I think, though, that I probably deserved this. Some years earlier I had to replace the hydraulic fluid dipstick because it was bent, so I went to the parts department at the same shop and asked for one. The clerk brought it out, and I asked how much more it would be to have it installed. She spent several minutes on the computer and thumbing through manuals, trying to find the price and unsure why she couldn’t find it, until I broke down and told her she could stop.

A couple years ago it occurred to me that I did not have to use my teeth to remove the little plastic safety cap on my deodorant. I never realized you could twist up the deodorant. I’m 39 years old.

Tragic!!! :frowning:

Yes. I think I have done both in one load, actually.
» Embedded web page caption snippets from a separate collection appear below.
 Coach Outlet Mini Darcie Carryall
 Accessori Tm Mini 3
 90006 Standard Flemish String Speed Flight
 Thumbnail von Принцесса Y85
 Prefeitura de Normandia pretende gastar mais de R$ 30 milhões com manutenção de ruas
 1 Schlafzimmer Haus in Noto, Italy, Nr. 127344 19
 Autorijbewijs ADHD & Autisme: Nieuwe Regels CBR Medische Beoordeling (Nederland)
That reminds me just a couple weeks ago I made some braised chicken thighs. Being healthy I was willing to forgo the Chicken fat, but not being an idiot I wasn’t going to waste the rest of the drippings. So I my colander out to be ready to strain and separate. 20 minutes or so later I was ready to strain the liquid but I couldn’t find my colander anymore. I finally gave up and grabbed a hand help wire strainer and strained the liquid into a bowl in the sink. Just as the last of the liquid drained through the strainer I found my colander again. It was the “bowl” in the sink.:smack:
Yum Yum, two dirty strainers, and a spent bay leaf and some ribbons of lemon zest are all to show for it.

I have one of those waiter-style corkscrews with the little knife that flips out so you can cut the foil seal over the bottle, then flip out the actual corkscrew and pop out the cork. After years of practice, I’ve gotten pretty good at expertly removing the foil and doing the uncorking.
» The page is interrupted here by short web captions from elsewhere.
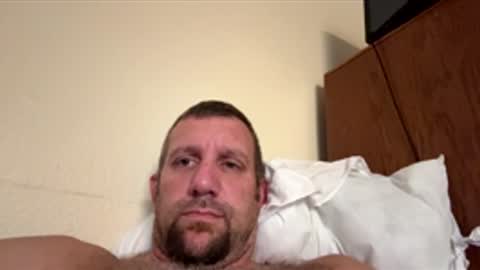 wayneneriate12 online show from February 17, 1:48 am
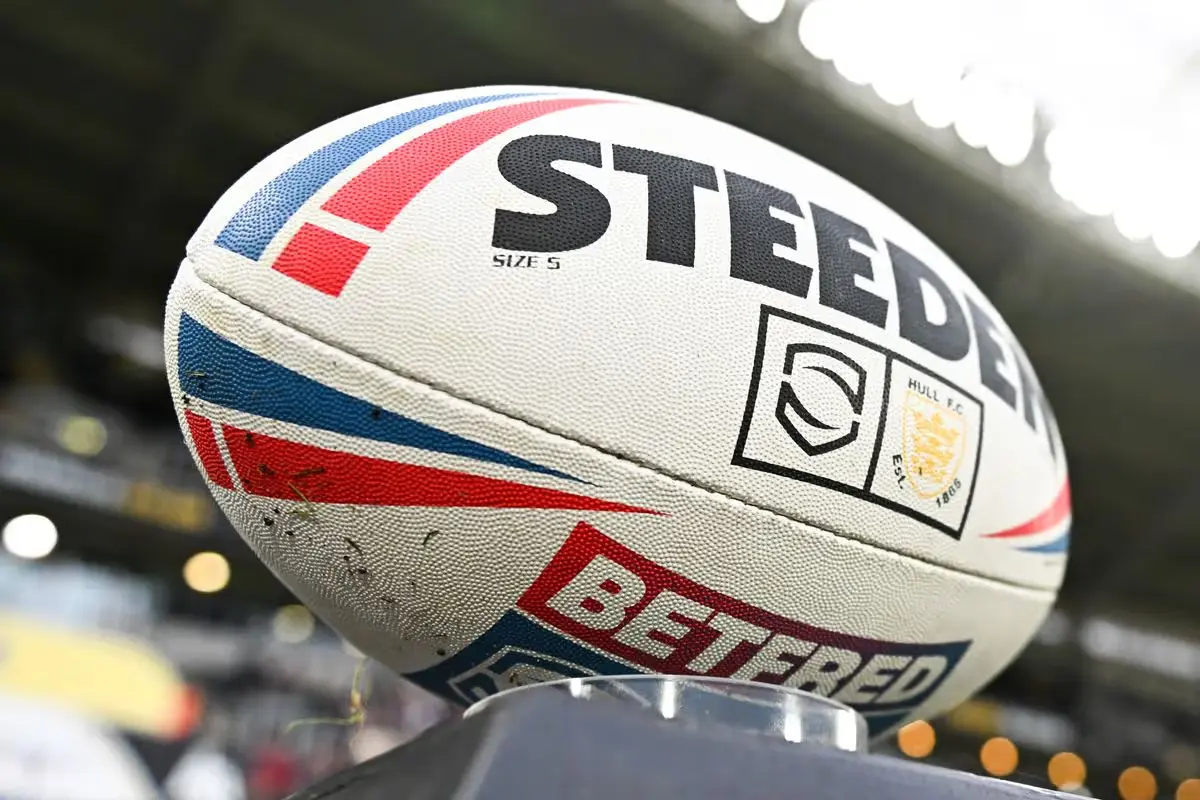 Hull FC’s Journey in Rugby League: Past, Present, and Future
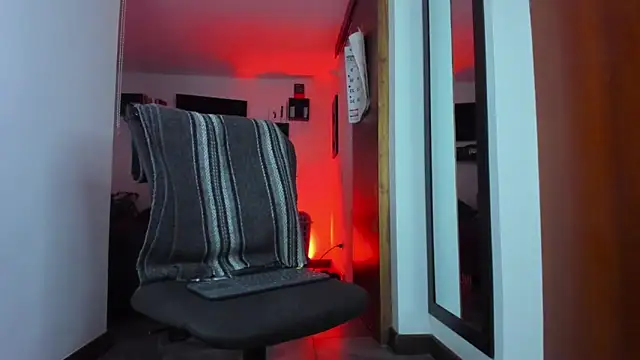 _John_Boy_ webcam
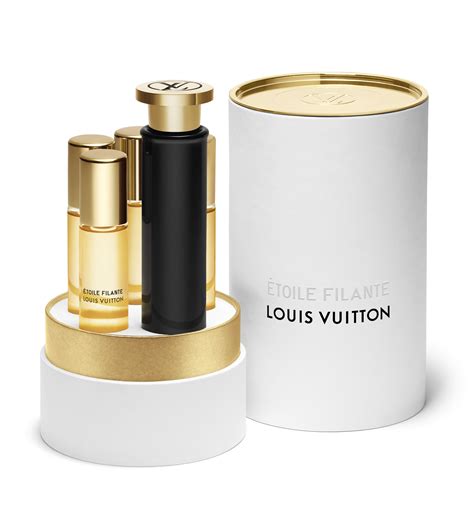 women's lv perfume|louis vuitton women fragrances.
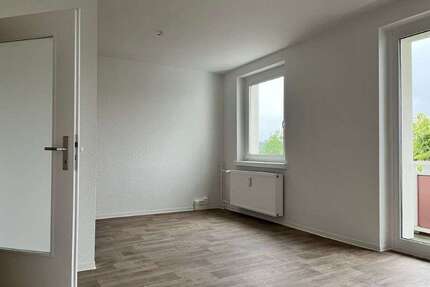 Wohnung zum Mieten in Eberswalde 645,00 € 57.56 m²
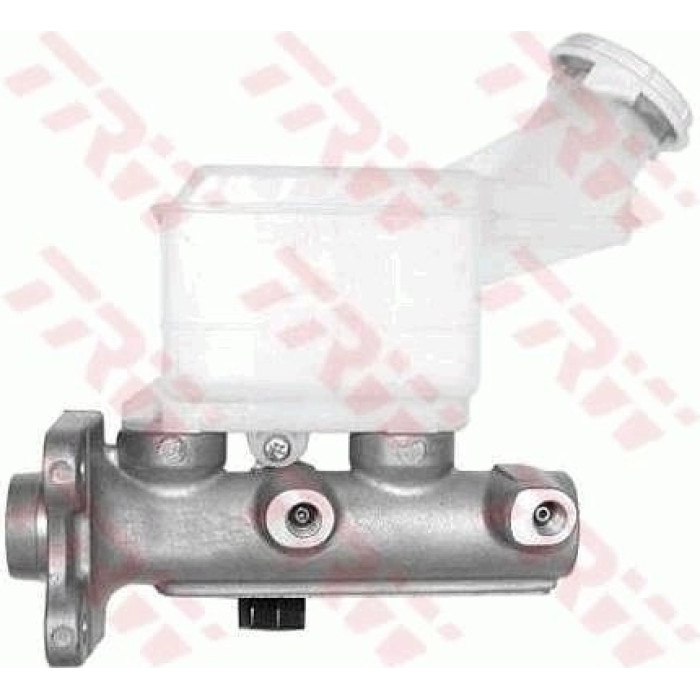 TRW Hauptbremszylinder PMK515 TRW Hauptbremszylinder PMK515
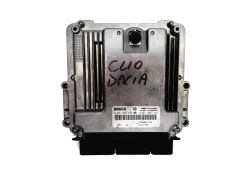 ca14-db9941eby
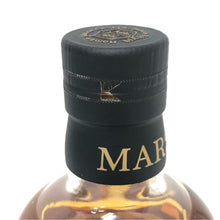 將圖片載入圖庫檢視器 Mars マルス 駒ヶ岳 2023エディション 未開栓 700ml 50度 シングルモルト ジャパニーズウイスキー【中古】【新品同様】
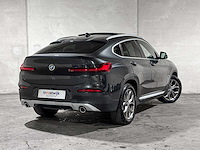 Bmw x4 xdrive30i high executive 252pk 2020 (origineel-nl) g02, h-552-dt - afbeelding 3 van  33
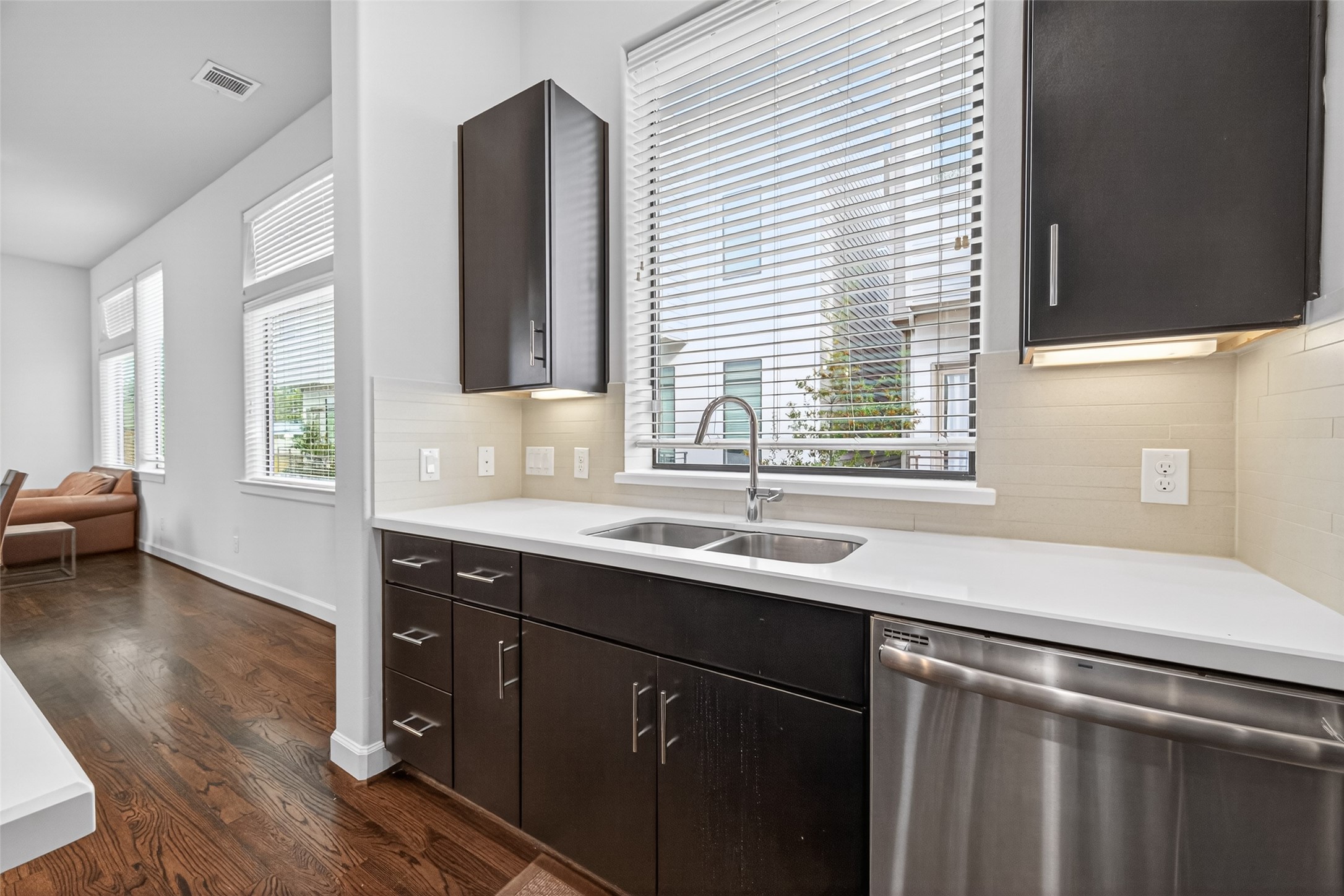 5313 Inker Street Houston, TX 77007 - Photo 14 of 31 Gallery Image 14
So one day I had a hell of a time. It was a new wine I’d never had before, and it had the thickest, stiffest foil I’d ever encountered. After hacking away for a while I finally got it gouged and cut enough to be able to painfully rip it off, at which point the screw top on the bottle fell off by itself with a pathetic little plink. :smack:

It’s not like I’d never seen a screw top before. But this one was cleverly disguised. Yeah, that’s it, it was disguised! :smiley:

My life consists of perpetually feeling like an idiot despite the fact I’m (allegedly) pretty smart.

I think my favorite one was when a friend who was living in Japan mentioned he took a trip to Cambodia and I asked, “Oh. Did you drive?”

He did not.

People have been lecturing me about ‘‘Common Sense’’ for a long time. I’m not sure what that is, but I’m assuming since I’m not common, I don’t have any.

Sr. Weasel also has his share of the dumb. He recently came to the profound realization that if you put a lid on a pot of water, it boils faster. Then there was the time he tried to make mashed potatoes and didn’t know you were supposed to cook the potatoes first. I just walked into the kitchen and saw him futilely trying to mash raw potatoes.

There was the time I put a container of ice cream in the microwave for a few seconds to soften it up enough to scoop more easily. When it beeped that it was done, I was already doing something else, and thought, I’ll get the ice cream out of the nuker as soon as I’m finished with this, it’ll only take half a minute.

The next evening, my wife noticed that we had a microwave full of melted ice cream.

ETA: Microwaves nowadays beep at you every so often if you don’t take your food out (or at least open the nuker’s door). I’m really glad they do that, otherwise I’m sure I’d have done similar stuff more recently. But this was >25 years ago, before the ‘nagging’ beep was a standard feature on cheapo microwaves.